Accumulation of thick fluvial sediments in the Shinano River incised-valley fills: implications for sequence stratigraphy and alluvial architecture

The relationship between fluvial systems and base-level changes, controlled mainly by sea-level fluctuations and tectonic activity, on time scales of 103–104 years, is important for evaluating and improving nonmarine sequence stratigraphy and numerical and physical alluvial architecture models. However, there are not enough quantitative data available from field studies, especially for periods of rapid base-level rise. The Echigo Plain, Japan, is a fluvial–coastal lowland where the tidal range is very small and where a very deep valley was incised by the Shinano River during the latest Pleistocene. The depth of the incised valley near the shoreline, 160 m below mean sea level, is greater than the amount of sea-level fall during the Last Glacial Maximum (LGM) because of tectonic subsidence. We studied an approximately 100-m-long borehole sediment core obtained from the landward part of the plain, where thick fluvial deposits have accumulated since the LGM. Sediment facies, diatom assemblages, sulfur content, carbon to sulfur ratios, and radiocarbon age dates indicate that most of the core sediments were deposited in a fluvial environment during the past 12 kyr. Sediment accumulation rates were 10–15 m/kyr between 12 and 8 cal kyr BP, and relatively low (less than 5 m/kyr) subsequently, mainly because of glacio-eustatic sea-level rise. The timing of the reduction in the accumulation rate is one possible indicator of the position of the maximum-flooding surface in a sequence composed only of fluvial sediments.
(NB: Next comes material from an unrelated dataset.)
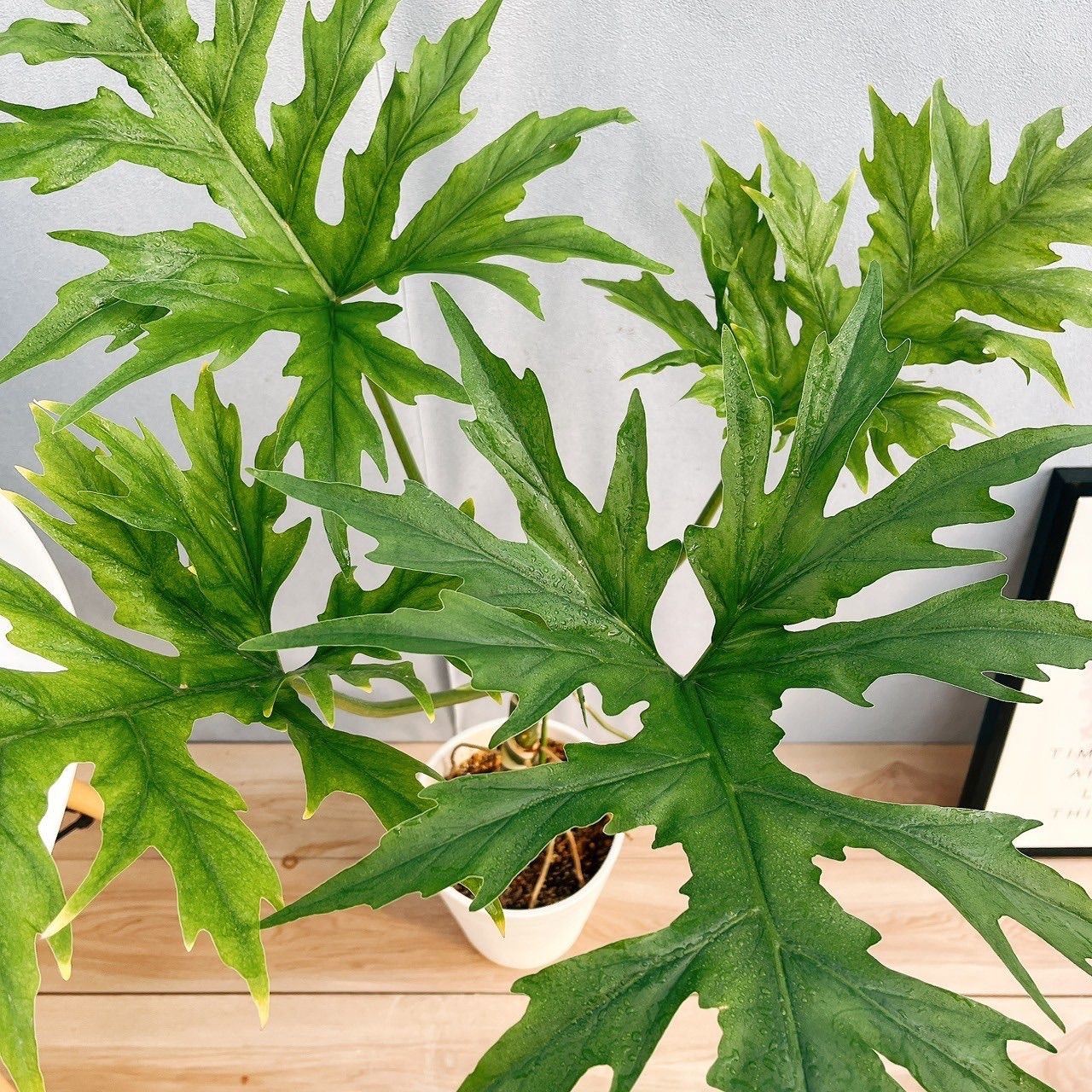 在庫］【希少】☆珍しい☆ フィロデンドロン ワルセウィッチー 8号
The presence of many thin layers of very fine to fine-grained sand (20–80 cm thick), interpreted as crevasse-splay deposits, that formed between 11 and 8 cal kyr BP, when the base level was rising rapidly, implies that crevasse-splay deposits are characteristic of aggrading fluvial sediments and the transgressive systems tract in nonmarine sequence stratigraphy. Tectonic subsidence at approximately 2 m/kyr has contributed markedly to the larger accumulation rate of fluvial sediments of the highstand systems tract on the Echigo Plain, compared with rates in other fluvial–coastal lowlands, since 5–6 cal kyr BP, when the eustatic sea-level rise had mostly ceased.